Re: [HACKERS] gitlab post-mortem: pg_basebackup waiting for checkpoint

Поиск
Список
Период
Сортировка
От Magnus Hagander
Тема Re: [HACKERS] gitlab post-mortem: pg_basebackup waiting for checkpoint
Дата
Msg-id CABUevExpVYuLUgoNgYNNHxFmZqo3PuuaKgcVwYE5B5wCGScZkQ@mail.gmail.com
обсуждение исходный текст
Ответ на [HACKERS] gitlab post-mortem: pg_basebackup waiting for checkpoint  (Michael Banck <michael.banck@credativ.de>)
Ответы Re: [HACKERS] gitlab post-mortem: pg_basebackup waiting forcheckpoint  (Michael Banck <michael.banck@credativ.de>)
Список pgsql-hackers


On Sat, Feb 11, 2017 at 10:38 AM, Michael Banck <michael.banck@credativ.de> wrote:
Hi,

one take-away from the Gitlab Post-Mortem[1] appears to be that after
their secondary lost replication, they were confused about what
pg_basebackup was doing when they tried to rebuild it. It just sat there
and did nothing (even with --verbose), so they assumed something was
wrong with either the primary or the connection, and restarted it
several times.

AFAICT, it turns out the checkpoint was written on the master (they
probably did not use -c fast), but this wasn't obvious to them:


Yeah, I've seen this happen to a number of people. I think that sounds like what's happened here as well. I've considered things in the line of the patch you posted, but never got around to actually doing anything about it.

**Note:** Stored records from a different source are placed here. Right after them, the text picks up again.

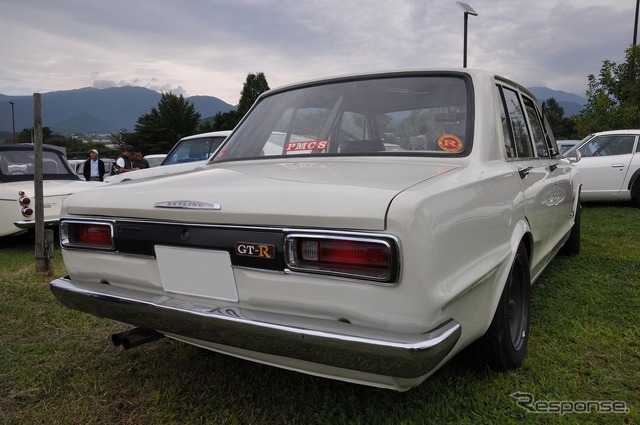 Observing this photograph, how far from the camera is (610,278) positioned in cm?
396

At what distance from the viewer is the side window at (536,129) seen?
11.0ft

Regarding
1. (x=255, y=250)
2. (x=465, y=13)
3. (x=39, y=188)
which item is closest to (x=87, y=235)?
(x=255, y=250)

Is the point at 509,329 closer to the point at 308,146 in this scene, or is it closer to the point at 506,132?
the point at 506,132

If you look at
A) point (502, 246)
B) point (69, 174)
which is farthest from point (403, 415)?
point (69, 174)

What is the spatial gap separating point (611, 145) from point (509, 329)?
25.8 ft

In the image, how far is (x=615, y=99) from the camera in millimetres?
16109

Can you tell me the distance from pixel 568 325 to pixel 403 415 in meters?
1.52

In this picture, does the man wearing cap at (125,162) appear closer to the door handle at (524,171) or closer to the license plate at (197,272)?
the license plate at (197,272)

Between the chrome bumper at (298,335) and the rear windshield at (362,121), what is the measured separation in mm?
1030

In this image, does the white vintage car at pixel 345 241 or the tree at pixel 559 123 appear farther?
the tree at pixel 559 123

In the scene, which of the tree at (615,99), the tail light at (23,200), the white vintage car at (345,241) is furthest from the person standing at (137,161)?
the tree at (615,99)

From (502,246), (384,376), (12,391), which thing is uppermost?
(502,246)

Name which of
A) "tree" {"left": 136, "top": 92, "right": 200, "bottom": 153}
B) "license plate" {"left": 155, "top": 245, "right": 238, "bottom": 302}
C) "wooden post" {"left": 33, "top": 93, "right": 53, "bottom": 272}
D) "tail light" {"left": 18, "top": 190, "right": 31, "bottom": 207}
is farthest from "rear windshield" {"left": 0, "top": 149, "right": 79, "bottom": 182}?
"tree" {"left": 136, "top": 92, "right": 200, "bottom": 153}

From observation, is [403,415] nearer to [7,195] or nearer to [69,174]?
[7,195] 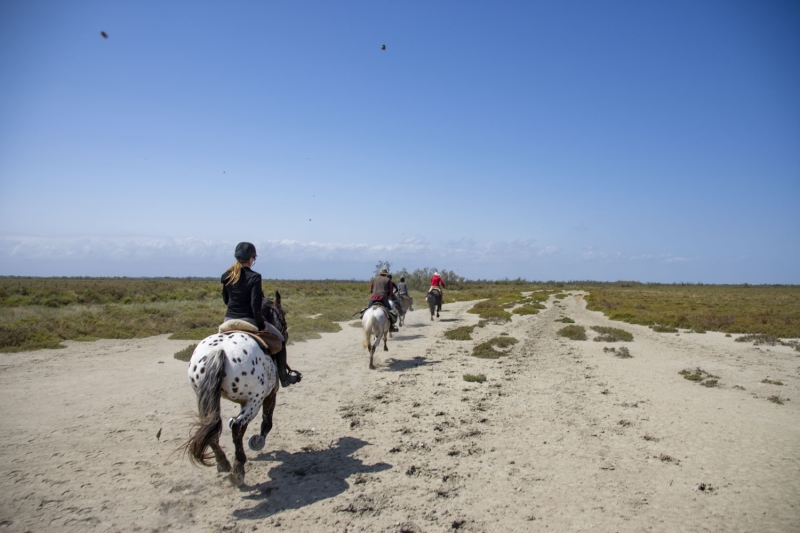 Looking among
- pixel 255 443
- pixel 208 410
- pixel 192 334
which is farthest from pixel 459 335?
pixel 208 410

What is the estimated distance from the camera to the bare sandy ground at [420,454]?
14.0ft

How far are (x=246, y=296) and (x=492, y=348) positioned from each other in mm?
10587

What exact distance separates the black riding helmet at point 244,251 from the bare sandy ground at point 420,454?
2.62 metres

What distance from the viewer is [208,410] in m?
4.50

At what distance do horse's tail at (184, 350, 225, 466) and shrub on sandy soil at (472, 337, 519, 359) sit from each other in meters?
9.75

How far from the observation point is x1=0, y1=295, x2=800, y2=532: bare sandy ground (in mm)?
4277

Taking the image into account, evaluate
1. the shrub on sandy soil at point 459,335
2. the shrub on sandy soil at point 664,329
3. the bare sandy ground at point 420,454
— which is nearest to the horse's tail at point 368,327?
the bare sandy ground at point 420,454

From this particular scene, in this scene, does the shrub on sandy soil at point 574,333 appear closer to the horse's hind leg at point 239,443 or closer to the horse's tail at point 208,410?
the horse's hind leg at point 239,443

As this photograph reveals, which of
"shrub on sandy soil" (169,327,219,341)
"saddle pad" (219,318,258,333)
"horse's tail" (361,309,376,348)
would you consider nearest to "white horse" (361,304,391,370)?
"horse's tail" (361,309,376,348)

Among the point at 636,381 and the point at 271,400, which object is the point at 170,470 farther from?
the point at 636,381

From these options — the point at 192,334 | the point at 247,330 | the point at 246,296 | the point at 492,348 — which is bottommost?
the point at 192,334

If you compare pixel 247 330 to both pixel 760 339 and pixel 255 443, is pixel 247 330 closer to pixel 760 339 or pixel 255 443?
pixel 255 443

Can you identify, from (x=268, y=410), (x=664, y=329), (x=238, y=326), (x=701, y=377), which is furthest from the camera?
(x=664, y=329)

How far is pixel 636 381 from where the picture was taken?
1020 centimetres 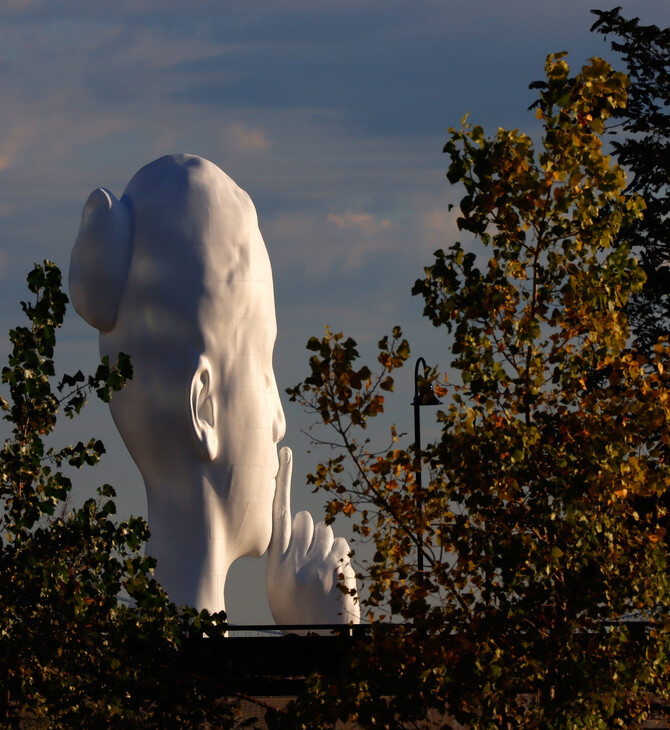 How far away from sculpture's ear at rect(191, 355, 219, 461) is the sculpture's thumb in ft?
3.74

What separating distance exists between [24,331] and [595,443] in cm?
285

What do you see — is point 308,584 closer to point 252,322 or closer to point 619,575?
point 252,322

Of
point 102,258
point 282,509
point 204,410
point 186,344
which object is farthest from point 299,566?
point 102,258

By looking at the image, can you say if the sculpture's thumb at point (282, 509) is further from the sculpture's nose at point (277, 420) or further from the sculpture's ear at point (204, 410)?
the sculpture's ear at point (204, 410)

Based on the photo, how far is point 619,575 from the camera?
5598mm

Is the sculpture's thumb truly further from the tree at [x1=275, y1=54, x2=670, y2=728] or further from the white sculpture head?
the tree at [x1=275, y1=54, x2=670, y2=728]

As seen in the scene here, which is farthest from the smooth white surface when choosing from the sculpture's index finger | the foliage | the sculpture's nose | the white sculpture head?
the foliage

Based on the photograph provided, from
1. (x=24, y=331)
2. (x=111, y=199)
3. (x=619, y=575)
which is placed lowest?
(x=619, y=575)

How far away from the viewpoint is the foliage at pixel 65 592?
6.37m

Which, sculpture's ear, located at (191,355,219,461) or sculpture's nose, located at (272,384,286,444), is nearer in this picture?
sculpture's ear, located at (191,355,219,461)

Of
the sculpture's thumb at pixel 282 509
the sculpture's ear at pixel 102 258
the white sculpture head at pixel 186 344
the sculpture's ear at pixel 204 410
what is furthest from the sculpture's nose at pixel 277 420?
the sculpture's ear at pixel 102 258

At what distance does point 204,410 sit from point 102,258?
2.01 metres

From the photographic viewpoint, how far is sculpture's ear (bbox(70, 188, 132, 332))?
563 inches

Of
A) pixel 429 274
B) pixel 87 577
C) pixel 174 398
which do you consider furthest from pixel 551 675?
pixel 174 398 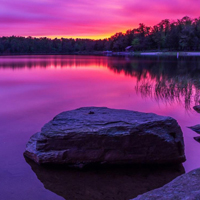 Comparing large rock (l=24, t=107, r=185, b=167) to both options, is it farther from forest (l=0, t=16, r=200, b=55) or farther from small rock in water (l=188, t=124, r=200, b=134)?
forest (l=0, t=16, r=200, b=55)

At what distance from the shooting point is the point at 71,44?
172 m

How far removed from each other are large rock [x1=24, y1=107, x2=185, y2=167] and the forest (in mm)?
83710

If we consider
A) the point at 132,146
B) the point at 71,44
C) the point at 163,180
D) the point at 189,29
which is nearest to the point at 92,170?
the point at 132,146

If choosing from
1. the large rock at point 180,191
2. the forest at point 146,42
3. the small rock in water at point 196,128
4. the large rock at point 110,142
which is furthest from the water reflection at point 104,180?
the forest at point 146,42

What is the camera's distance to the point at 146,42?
→ 336 feet

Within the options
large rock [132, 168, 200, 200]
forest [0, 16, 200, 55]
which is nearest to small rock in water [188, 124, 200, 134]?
large rock [132, 168, 200, 200]

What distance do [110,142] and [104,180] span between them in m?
0.74

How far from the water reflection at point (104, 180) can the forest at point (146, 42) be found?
84190 mm

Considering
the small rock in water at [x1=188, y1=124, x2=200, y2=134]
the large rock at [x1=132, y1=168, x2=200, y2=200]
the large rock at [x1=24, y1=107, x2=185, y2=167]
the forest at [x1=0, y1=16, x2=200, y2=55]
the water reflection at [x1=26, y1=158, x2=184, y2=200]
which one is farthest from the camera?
the forest at [x1=0, y1=16, x2=200, y2=55]

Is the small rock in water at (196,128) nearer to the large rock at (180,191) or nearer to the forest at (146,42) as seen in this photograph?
the large rock at (180,191)

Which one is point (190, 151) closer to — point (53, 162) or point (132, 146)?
point (132, 146)

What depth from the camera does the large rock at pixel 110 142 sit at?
504 cm

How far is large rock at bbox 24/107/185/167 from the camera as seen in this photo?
199 inches

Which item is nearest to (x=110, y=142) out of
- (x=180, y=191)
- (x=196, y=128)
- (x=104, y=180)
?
(x=104, y=180) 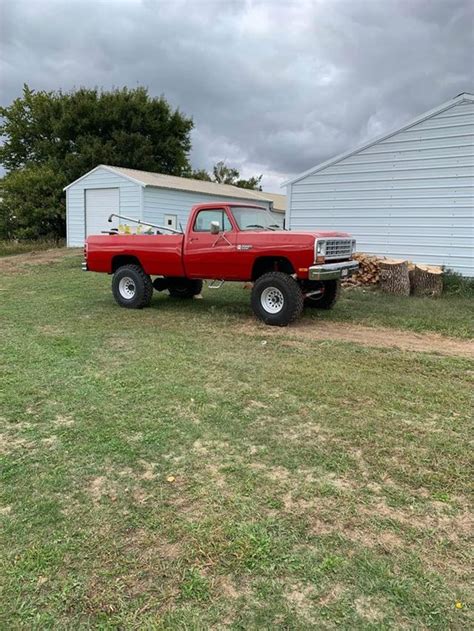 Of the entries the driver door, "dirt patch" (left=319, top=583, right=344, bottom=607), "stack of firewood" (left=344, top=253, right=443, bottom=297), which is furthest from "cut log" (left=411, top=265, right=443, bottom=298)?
"dirt patch" (left=319, top=583, right=344, bottom=607)

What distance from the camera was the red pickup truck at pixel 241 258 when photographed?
7.41 metres

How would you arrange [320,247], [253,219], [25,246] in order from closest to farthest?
[320,247]
[253,219]
[25,246]

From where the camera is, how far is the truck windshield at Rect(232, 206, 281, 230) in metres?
8.16

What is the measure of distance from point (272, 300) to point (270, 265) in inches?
23.1

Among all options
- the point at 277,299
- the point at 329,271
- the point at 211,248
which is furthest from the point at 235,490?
the point at 211,248

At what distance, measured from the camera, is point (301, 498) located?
288cm

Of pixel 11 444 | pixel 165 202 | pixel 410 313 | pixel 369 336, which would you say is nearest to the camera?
pixel 11 444

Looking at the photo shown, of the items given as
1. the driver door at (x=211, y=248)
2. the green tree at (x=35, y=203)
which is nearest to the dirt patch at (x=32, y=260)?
the green tree at (x=35, y=203)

ISTM that even with WAL streaming, nothing would be written on the
client server until the checkpoint is complete, as do_pg_start_backup()
runs the checkpoint and only returns the starting WAL location
afterwards.

The attached (untested) patch is to kick of a discussion on how to
improve the situation, it is supposed to mention the checkpoint when
--verbose is used and adds a paragraph about the checkpoint being run to
the Notes section of the documentation.


Docs look good to me, other than claiming that pg_basebackup runs on a server (it can run anywhere). I would just say "during which pg_basebackup will appear idle". How does that sound to you?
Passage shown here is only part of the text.